*** Block opens ***
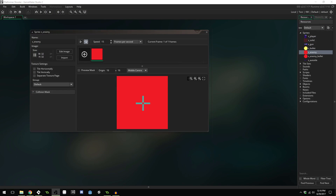Good morning, afternoon or evening, wherever and whenever you are. My name is Benjamin and welcome to Platform Shooter Part 11. This is going to be kind of a Let's Pixel video, but it's going to be part of the Platformer series. We're going to be using Game Maker Studio 2's pixel art editor and creating the enemy for the game. You can follow along if you want, but I'll have a link to the finished sprite in the description as well. Let's get started.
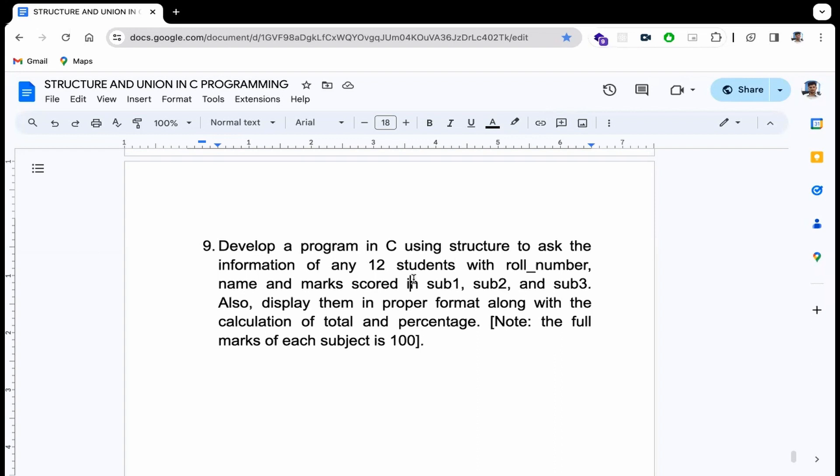Hello everyone, this is the 8th video of Structural Union, and this video covers one of the important questions.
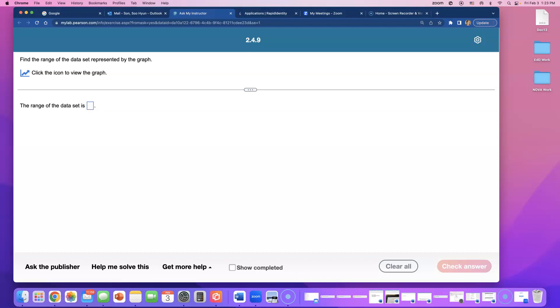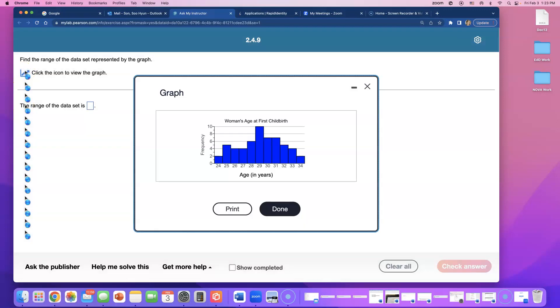Find the range of the data set represented by the graph. I'm going to click the icon to view the graph. This data is about woman's age at first childbirth.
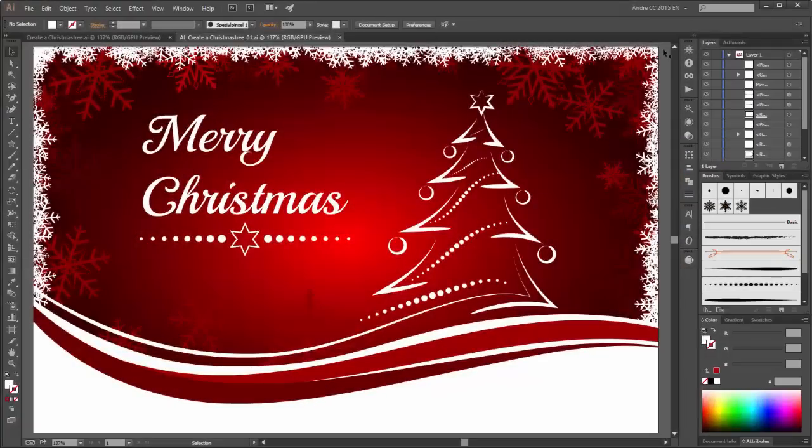Hello everyone. Welcome to another Adobe Illustrator tutorial. My name is André Krueger from Daguvi. In this tutorial I would like to show you how to create this Christmas card.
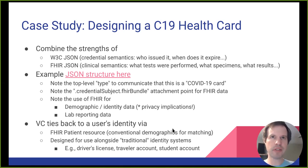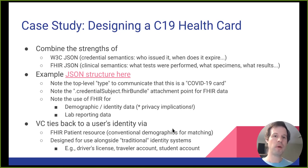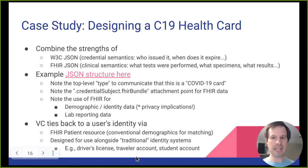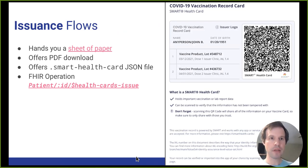This health card is tied back to an individual's identity using demographic attributes like name and birth date, but it doesn't prove who you are — it demonstrates that someone with that name and birth date received a specific immunization. It's designed to be used alongside traditional forms of identity: a physical driver's license, state ID, a student account in a student information system, or a traveler account on an airline website. The verifier needs to know who you are before they can evaluate the health card.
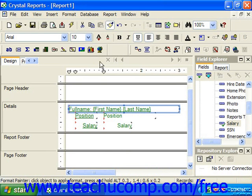When you're done, you can go back and click the Format Painter button again to turn it back off.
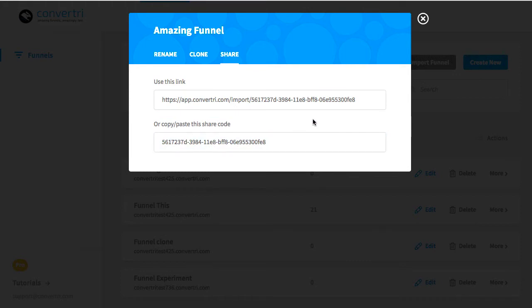You can use either one of these, they'll both have the same result. Links are easier if you're sending people their funnels online, and the share code is better if you're providing a document where the link may not be clickable.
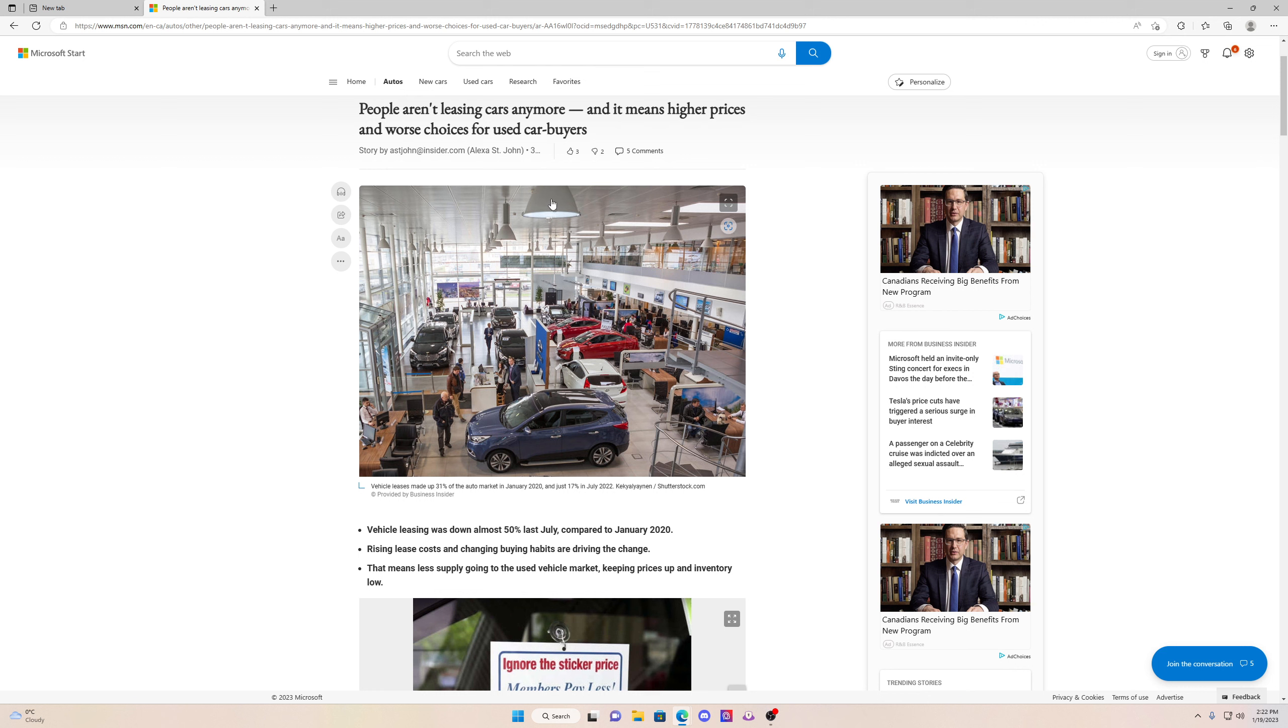Vehicle leasing was down almost 50% last July compared to January 2020. Rising lease costs and changing buying habits are driving the change. Basically what this means is people are hanging on to their cars longer because they don't want to spend money, and the state of the economy is the reason.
*** Block closes ***
- [Task prompt]: Write out the lines that run from the line containing "Hello everyone. Welcome" to the end of the entries, inclusive, exactly as written. Skip every picture.

- [Finished task]:
Hello everyone. Welcome to another Adobe Illustrator tutorial. My name is André Krueger from Daguvi. In this tutorial I would like to show you how to create this Christmas card.
This health card is tied back to an individual's identity using demographic attributes like name and birth date, but it doesn't prove who you are — it demonstrates that someone with that name and birth date received a specific immunization. It's designed to be used alongside traditional forms of identity: a physical driver's license, state ID, a student account in a student information system, or a traveler account on an airline website. The verifier needs to know who you are before they can evaluate the health card.
When you're done, you can go back and click the Format Painter button again to turn it back off.
You can use either one of these, they'll both have the same result. Links are easier if you're sending people their funnels online, and the share code is better if you're providing a document where the link may not be clickable.
Vehicle leasing was down almost 50% last July compared to January 2020. Rising lease costs and changing buying habits are driving the change. Basically what this means is people are hanging on to their cars longer because they don't want to spend money, and the state of the economy is the reason.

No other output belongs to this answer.